Normally, a Python source file must be entirely made up of characters from the ASCII set (character codes between 0 and 127). However, you may choose to tell Python that in a certain source file you are using a character set that is a superset of ASCII. In this case, Python allows that specific source file to contain characters outside the ASCII set, but only in comments and string literals.
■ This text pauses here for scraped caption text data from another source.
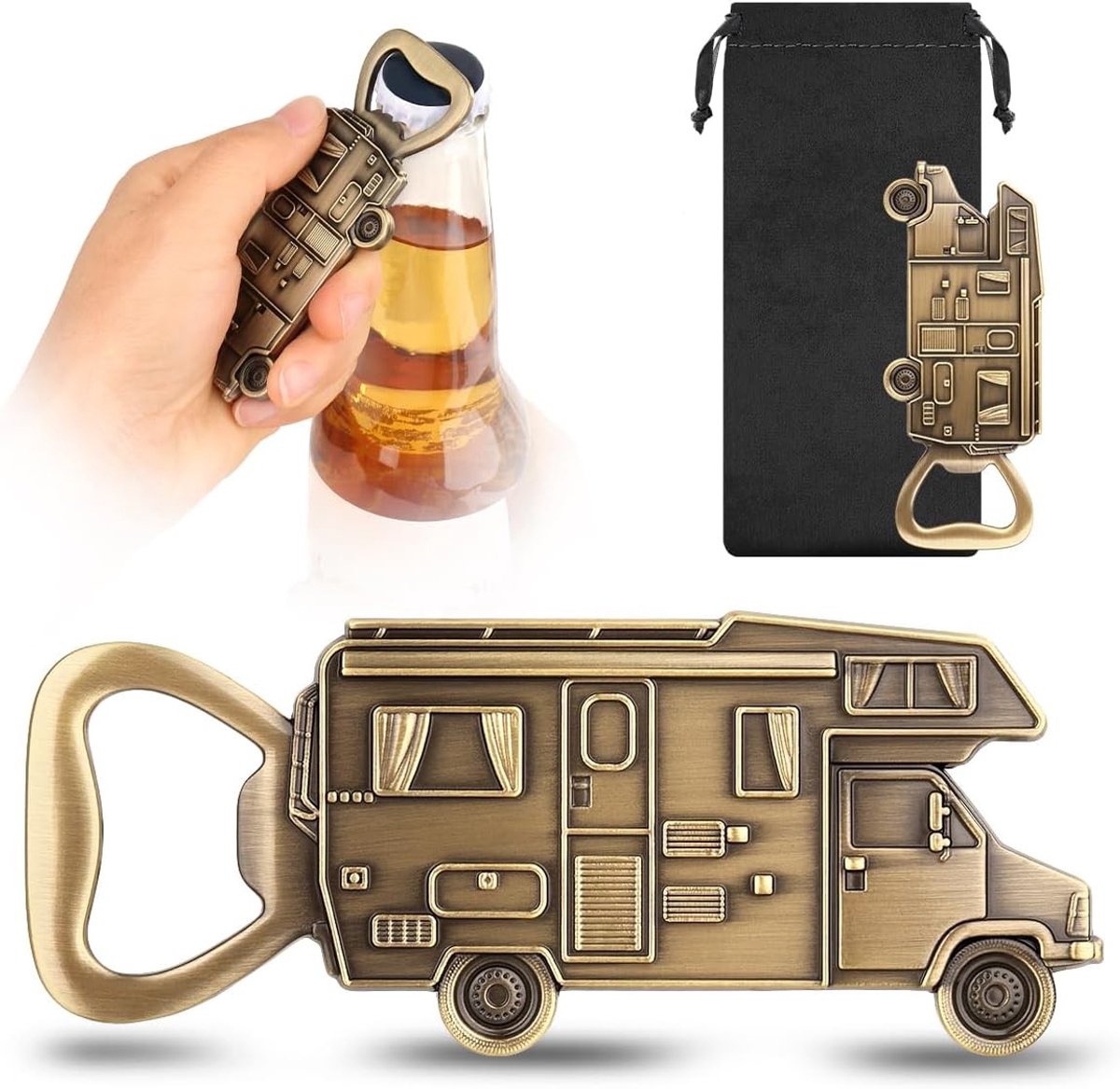 Camper Bierflesopener - Metaal - 7 x 5 x 2 cm - Robuuste Zinklegering - Voor Kampeerliefhebbers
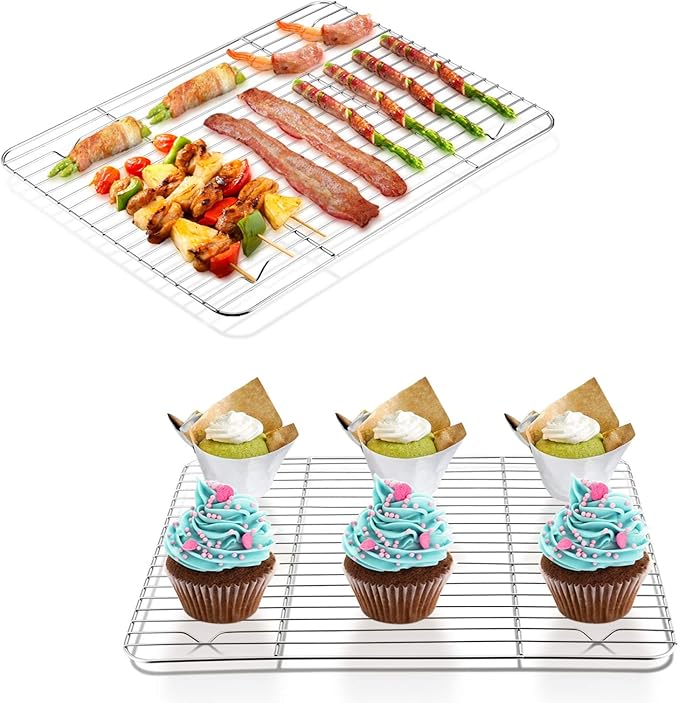 P&P CHEF Cooling Baking Rack Pack of 2, Stainless Steel Cooling Racks for Cooking Baking Roasting Grilling Drying, Dense Wires & Smooth Edge, Easy to clean, Silver, 11.6" x 9"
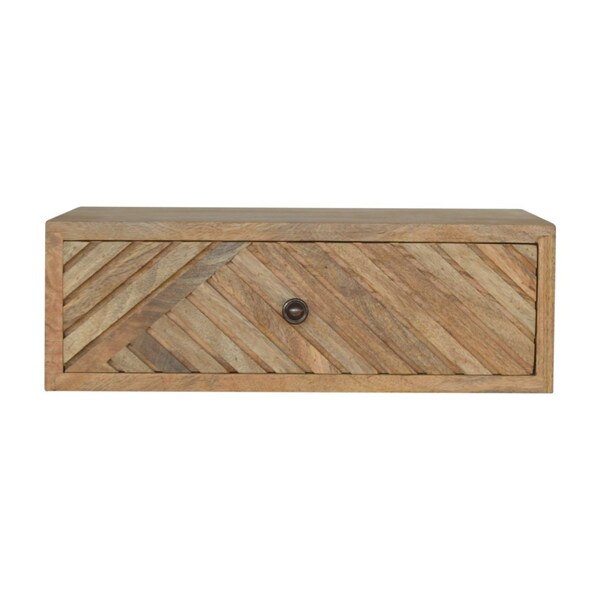 Homeroots 18" Natural Solid Wood Carved Geometric One Drawer Floating Nightstand 653838 - main
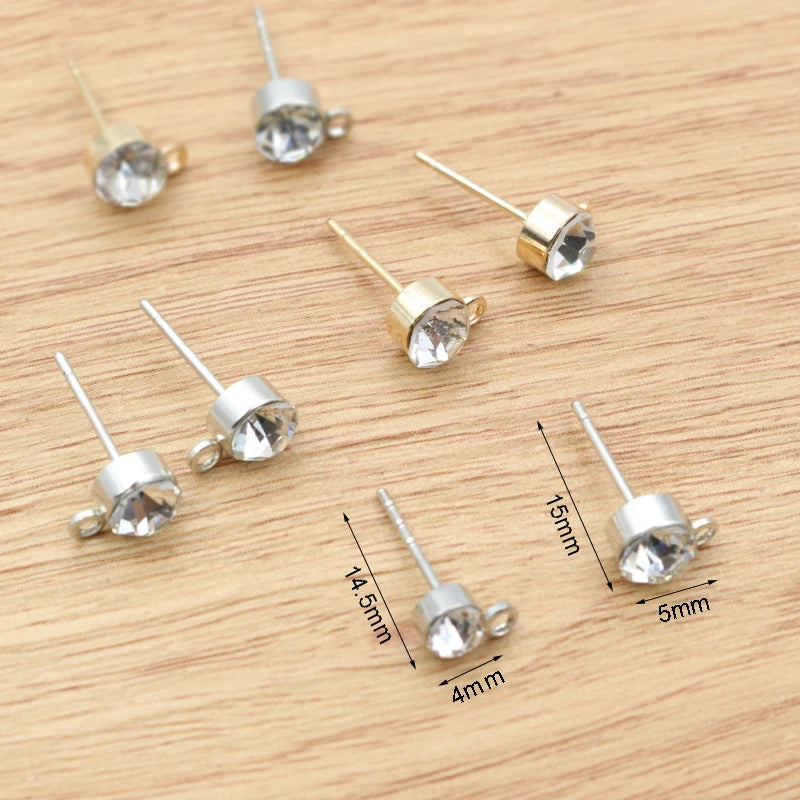 50pcs Stud Earrings Pins with Zircon 4/5/6mm Rhinestone Basic Earring Studs DIY Jewelry Making Accessories Findings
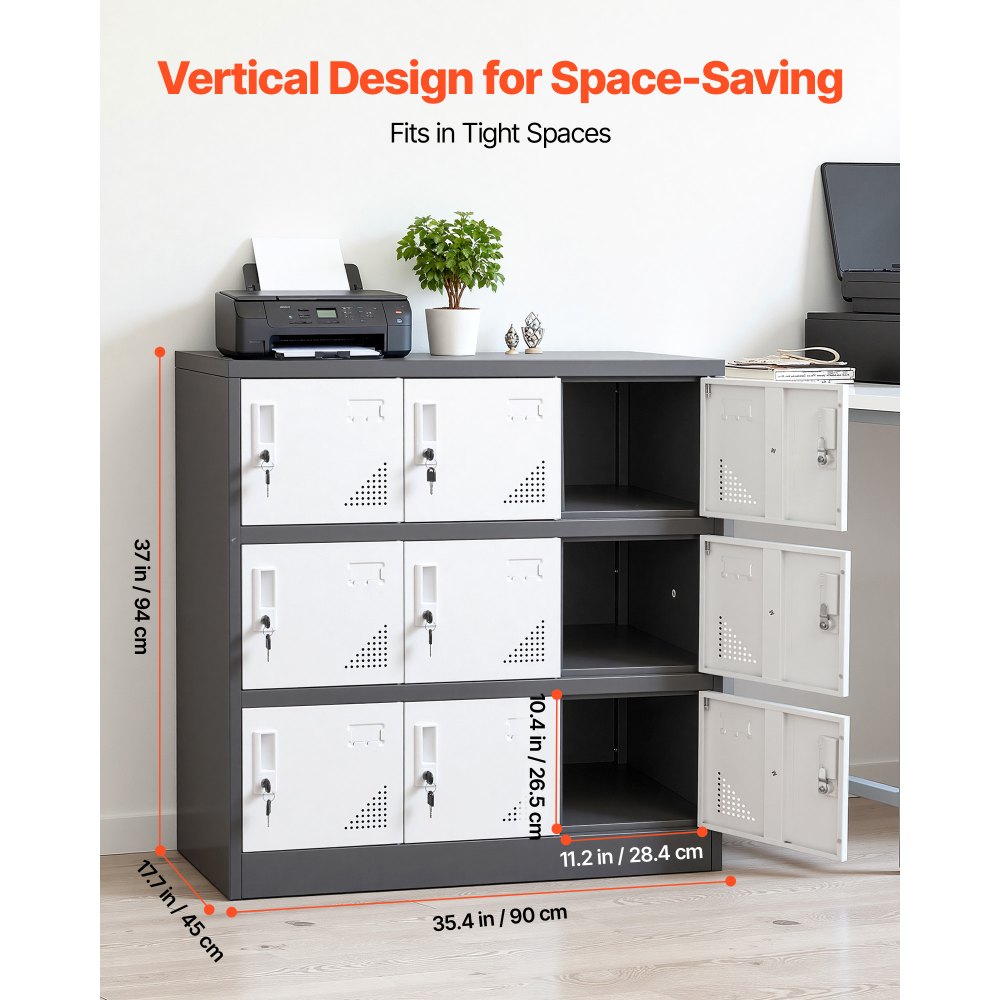 VEVOR 9 Doors Metal Locker Lockable Steel Storage Cabinet 66 lbs Load Gray, for Office School Gym, 2 Keys for Each Door, 3 Tiers Employee Lockers with Metal Hinges, Easy Assembly, 35.4 x 17.7 x 37 in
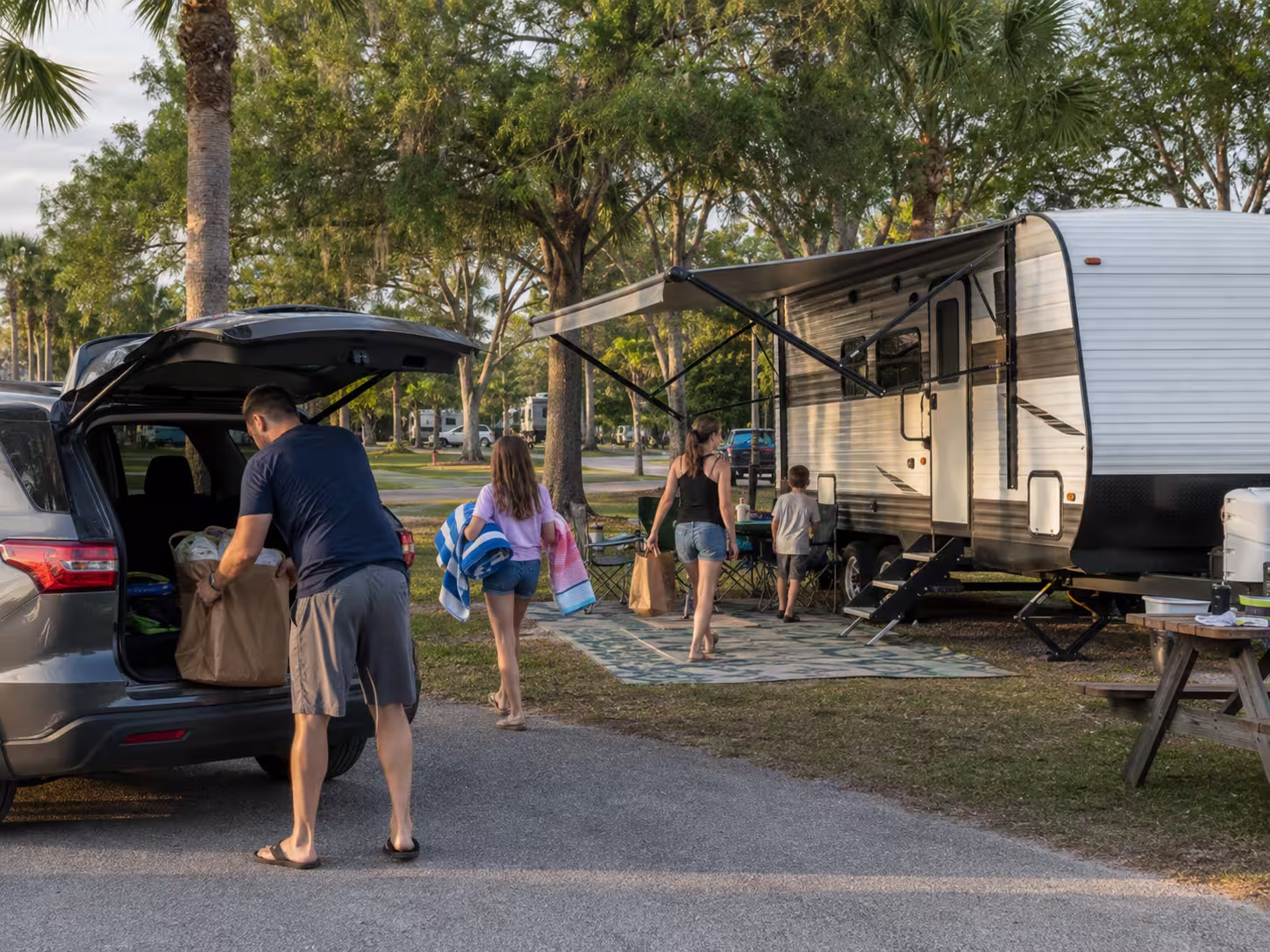 Family arriving at a pre-set camper rental near Orlando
To accomplish this, start your source file with a comment whose form must be as rigid as the following:
# -*- coding: utf-8 -*-
Between the coding: and the -*-, write the name of a codec known to Python, such as utf-8 or iso-8859-1. Note that this coding directive comment is taken as such only if it is at the start of a source file (possibly after the "shebang line" covered in "Running Python Programs" on page 28), and that the only effect of a coding directive is to let you use non-ASCII characters in string literals and comments.
Tokens
Python breaks each logical line into a sequence of elementary lexical components known as tokens. Each token corresponds to a substring of the logical line. The normal token types are identifiers, keywords, operators, delimiters, and literals, as covered in the following sections. You may freely use whitespace between tokens to separate them. Some whitespace separation is necessary between logically adjacent identifiers or keywords; otherwise, Python would parse them as a single, longer identifier. For example, printx is a single identifier; to write the keyword print followed by the identifier x, you need to insert some whitespace (e.g., print x).
Identifiers
An identifier is a name used to identify a variable, function, class, module, or other object. An identifier starts with a letter (A to Z or a to z) or an underscore (_) followed by zero or more letters, underscores, and digits (0 to 9). Case is significant in Python: lowercase and uppercase letters are distinct. Python does not allow punctuation characters such as @, $, and % within identifiers.
Normal Python style is to start class names with an uppercase letter and all other identifiers with a lowercase letter. Starting an identifier with a single leading underscore indicates by convention that the identifier is meant to be private. Starting an identifier with two leading underscores indicates a strongly private identifier; if the identifier also ends with two trailing underscores, the identifier is a language-defined special name. The identifier _ (a single underscore) is special in interactive interpreter sessions: the interpreter binds _ to the result of the last expression statement it has evaluated interactively, if any.